— Source information —
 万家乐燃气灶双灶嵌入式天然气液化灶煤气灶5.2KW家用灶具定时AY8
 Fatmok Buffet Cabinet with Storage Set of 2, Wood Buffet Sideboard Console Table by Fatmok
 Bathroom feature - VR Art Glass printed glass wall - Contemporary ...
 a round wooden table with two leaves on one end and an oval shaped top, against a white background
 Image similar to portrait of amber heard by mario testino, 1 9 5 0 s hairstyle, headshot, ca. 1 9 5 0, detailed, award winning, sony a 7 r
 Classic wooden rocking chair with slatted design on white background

— Problem to solve —
Output the whole listing exactly, leaving nothing out.

— Result of the exercise —
 万家乐燃气灶双灶嵌入式天然气液化灶煤气灶5.2KW家用灶具定时AY8
 Fatmok Buffet Cabinet with Storage Set of 2, Wood Buffet Sideboard Console Table by Fatmok
 Bathroom feature - VR Art Glass printed glass wall - Contemporary ...
 a round wooden table with two leaves on one end and an oval shaped top, against a white background
 Image similar to portrait of amber heard by mario testino, 1 9 5 0 s hairstyle, headshot, ca. 1 9 5 0, detailed, award winning, sony a 7 r
 Classic wooden rocking chair with slatted design on white background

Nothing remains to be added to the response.